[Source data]
====================

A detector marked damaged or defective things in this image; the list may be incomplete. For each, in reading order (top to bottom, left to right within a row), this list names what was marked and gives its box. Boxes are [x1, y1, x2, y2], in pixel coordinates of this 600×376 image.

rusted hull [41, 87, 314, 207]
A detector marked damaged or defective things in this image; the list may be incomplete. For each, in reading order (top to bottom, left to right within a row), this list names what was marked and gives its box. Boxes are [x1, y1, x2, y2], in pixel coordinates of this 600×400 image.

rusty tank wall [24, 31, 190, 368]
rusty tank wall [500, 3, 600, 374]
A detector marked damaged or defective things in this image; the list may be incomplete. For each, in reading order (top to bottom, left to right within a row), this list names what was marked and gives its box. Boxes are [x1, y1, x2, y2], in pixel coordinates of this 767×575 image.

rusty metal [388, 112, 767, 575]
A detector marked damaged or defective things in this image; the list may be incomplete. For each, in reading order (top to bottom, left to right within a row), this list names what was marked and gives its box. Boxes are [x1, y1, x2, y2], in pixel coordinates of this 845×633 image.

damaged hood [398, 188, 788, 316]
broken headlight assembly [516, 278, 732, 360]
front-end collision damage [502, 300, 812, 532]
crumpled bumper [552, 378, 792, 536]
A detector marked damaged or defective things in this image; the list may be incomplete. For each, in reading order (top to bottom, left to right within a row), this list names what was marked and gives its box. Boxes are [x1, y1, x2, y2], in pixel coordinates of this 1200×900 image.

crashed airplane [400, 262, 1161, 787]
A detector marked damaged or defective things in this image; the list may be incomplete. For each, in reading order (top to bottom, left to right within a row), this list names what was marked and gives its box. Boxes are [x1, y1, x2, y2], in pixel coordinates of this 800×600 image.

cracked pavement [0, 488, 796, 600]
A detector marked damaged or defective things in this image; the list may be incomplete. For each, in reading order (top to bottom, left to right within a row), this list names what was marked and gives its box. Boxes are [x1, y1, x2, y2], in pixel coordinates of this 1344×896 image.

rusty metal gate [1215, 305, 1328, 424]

====================

Print the data again exactly.

## Answer box
A detector marked damaged or defective things in this image; the list may be incomplete. For each, in reading order (top to bottom, left to right within a row), this list names what was marked and gives its box. Boxes are [x1, y1, x2, y2], in pixel coordinates of this 600×376 image.

rusted hull [41, 87, 314, 207]
A detector marked damaged or defective things in this image; the list may be incomplete. For each, in reading order (top to bottom, left to right within a row), this list names what was marked and gives its box. Boxes are [x1, y1, x2, y2], in pixel coordinates of this 600×400 image.

rusty tank wall [24, 31, 190, 368]
rusty tank wall [500, 3, 600, 374]
A detector marked damaged or defective things in this image; the list may be incomplete. For each, in reading order (top to bottom, left to right within a row), this list names what was marked and gives its box. Boxes are [x1, y1, x2, y2], in pixel coordinates of this 767×575 image.

rusty metal [388, 112, 767, 575]
A detector marked damaged or defective things in this image; the list may be incomplete. For each, in reading order (top to bottom, left to right within a row), this list names what was marked and gives its box. Boxes are [x1, y1, x2, y2], in pixel coordinates of this 845×633 image.

damaged hood [398, 188, 788, 316]
broken headlight assembly [516, 278, 732, 360]
front-end collision damage [502, 300, 812, 532]
crumpled bumper [552, 378, 792, 536]
A detector marked damaged or defective things in this image; the list may be incomplete. For each, in reading order (top to bottom, left to right within a row), this list names what was marked and gives its box. Boxes are [x1, y1, x2, y2], in pixel coordinates of this 1200×900 image.

crashed airplane [400, 262, 1161, 787]
A detector marked damaged or defective things in this image; the list may be incomplete. For each, in reading order (top to bottom, left to right within a row), this list names what was marked and gives its box. Boxes are [x1, y1, x2, y2], in pixel coordinates of this 800×600 image.

cracked pavement [0, 488, 796, 600]
A detector marked damaged or defective things in this image; the list may be incomplete. For each, in reading order (top to bottom, left to right within a row), this list names what was marked and gives its box. Boxes are [x1, y1, x2, y2], in pixel coordinates of this 1344×896 image.

rusty metal gate [1215, 305, 1328, 424]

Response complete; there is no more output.